PROVIDED DATA =>
+ + + + + + +

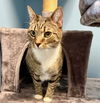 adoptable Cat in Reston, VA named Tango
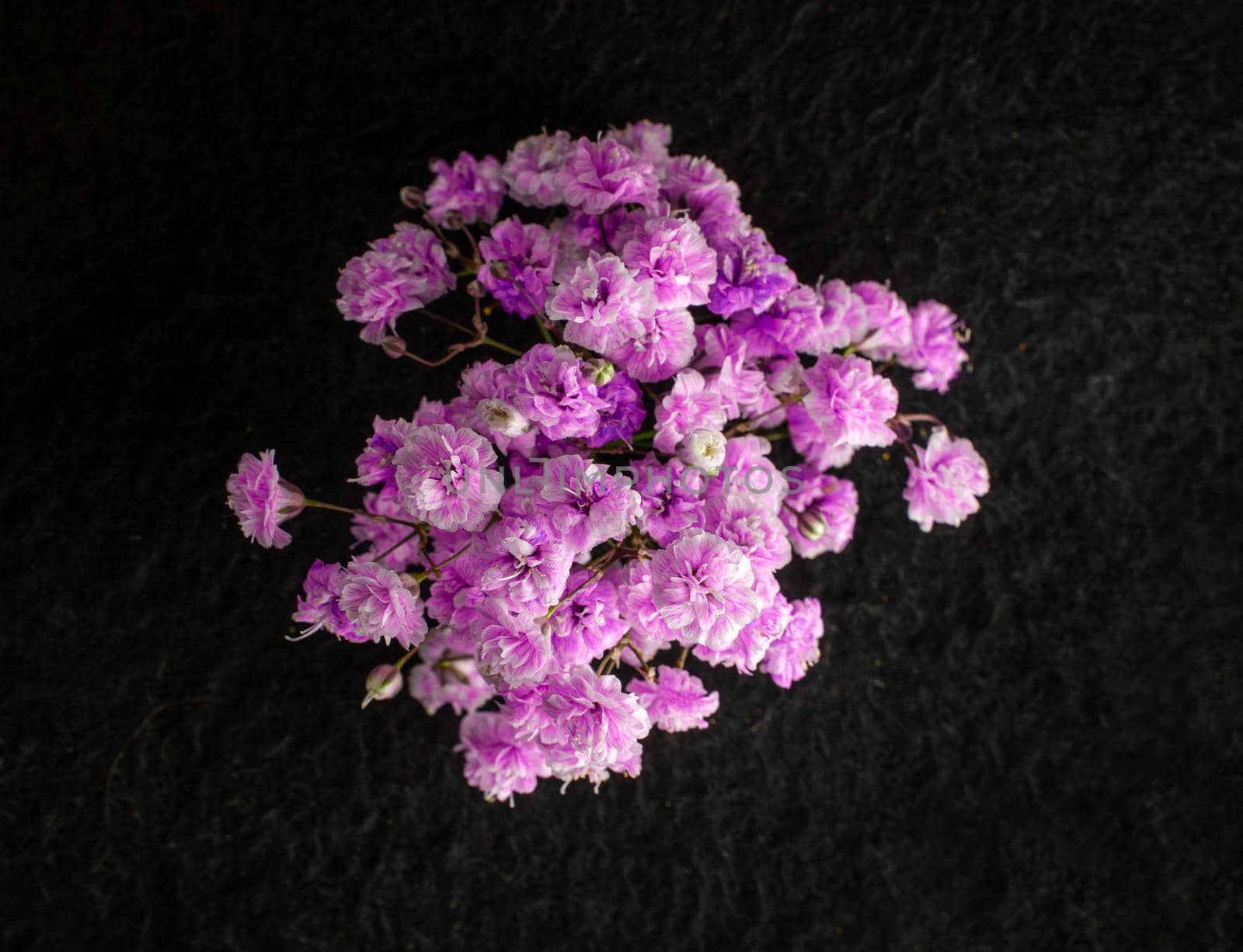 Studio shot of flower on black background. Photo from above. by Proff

+ + + + + + +

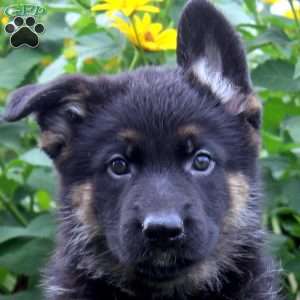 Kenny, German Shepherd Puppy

+ + + + + + +

ACTIVITY => Repeat the lines above exactly, beginning with the one containing "adoptable Cat in Reston, VA named Tango" and finishing with the one containing "Studio shot of". No pictures belong in the copy.

COMPLETED TASK =>
 adoptable Cat in Reston, VA named Tango
 Studio shot of flower on black background. Photo from above. by Proff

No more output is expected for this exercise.